**Directions for this task:**
The lines wanted are those from the one containing "Pendant Necklace Sterling Silver Small" to the last line of the entries below; output them exactly, leaving out pictures.

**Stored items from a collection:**
++++++++++++++++++++

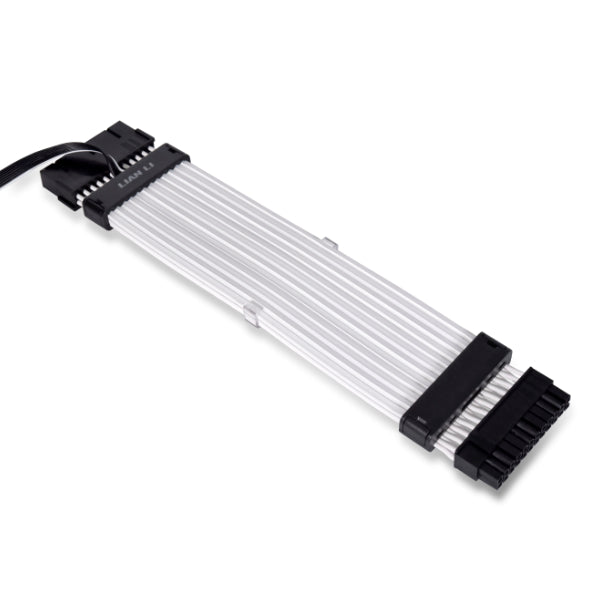 Lian Li PW16 12PV2 Strimer Plus V2 12VHPWR RGB LED Power Extension Cable - 320mm Length, 162 Addressable LEDs for PC Builds & Gaming Rigs - Perfect for Custom PC Lighting and Cable Management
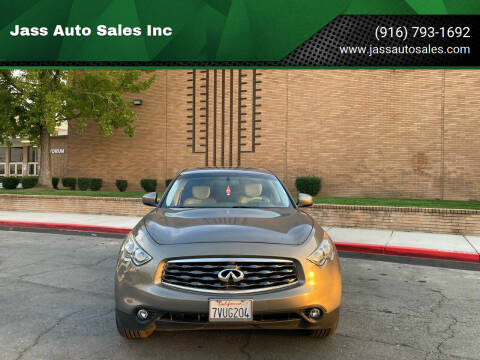 2009 Infiniti FX35 for sale at Jass Auto Sales Inc in Sacramento CA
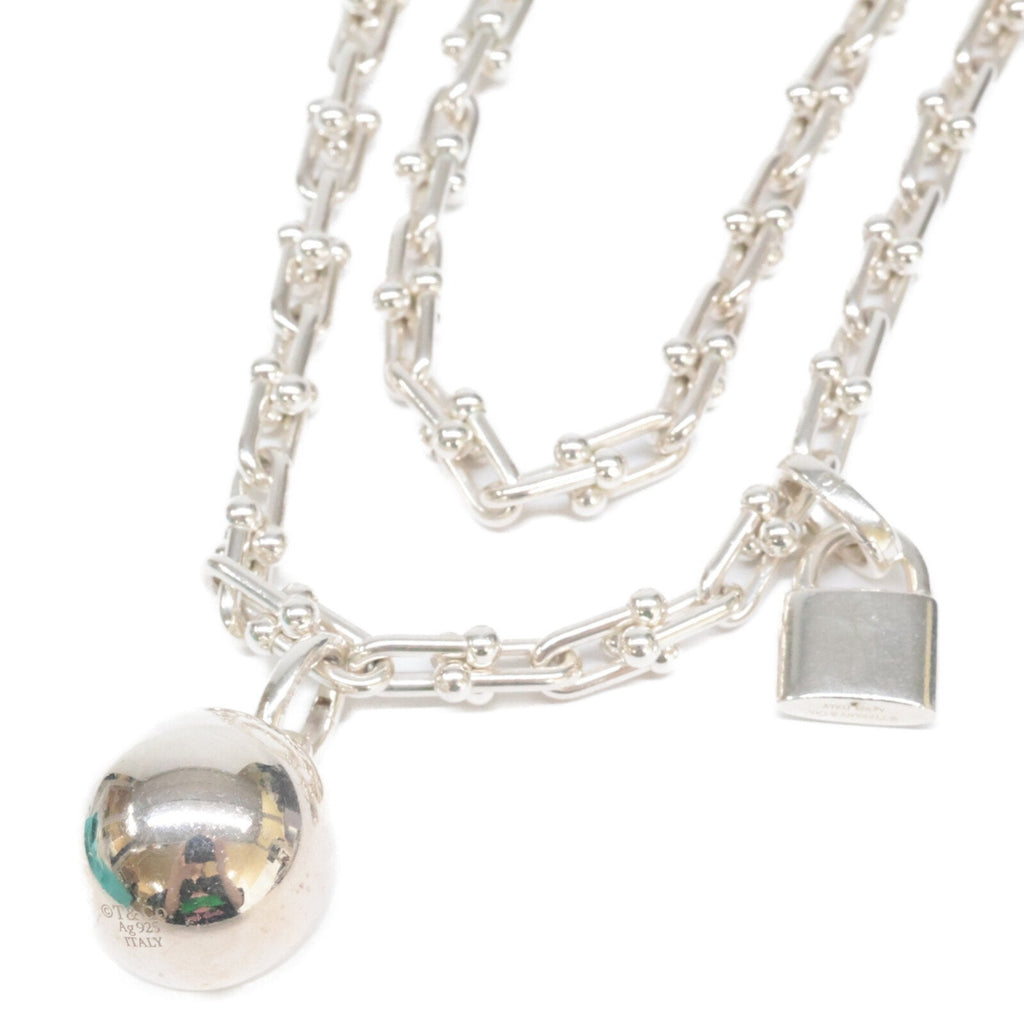 Pendant Necklace Sterling Silver Small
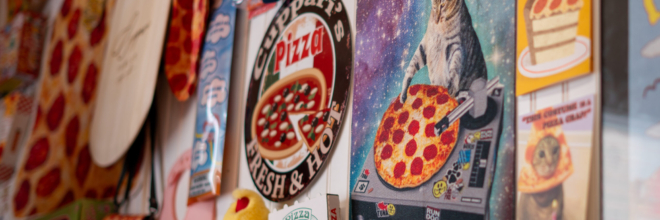 Nov. 4 ‘Pizzarama’ to Celebrate the Universal Joy of Pizza, Featuring Renowned Pizza Aficionado and Collector Telina Cuppari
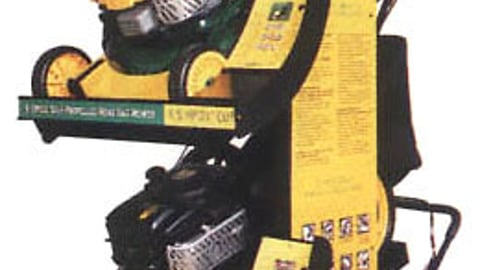 Yard-Man Lawn Mower Display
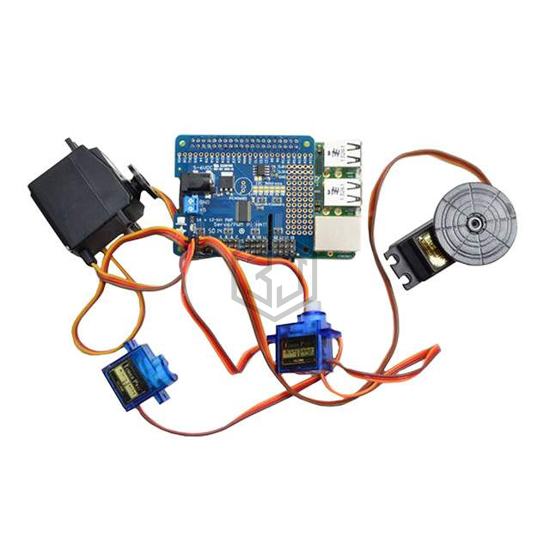 3416 - Adafruit Industries LLC - Evaluation Boards - Expansion Boards, Daughter Cards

++++++++++++++++++++

**Exercise output:**
 Pendant Necklace Sterling Silver Small
 Nov. 4 ‘Pizzarama’ to Celebrate the Universal Joy of Pizza, Featuring Renowned Pizza Aficionado and Collector Telina Cuppari
 Yard-Man Lawn Mower Display
 3416 - Adafruit Industries LLC - Evaluation Boards - Expansion Boards, Daughter Cards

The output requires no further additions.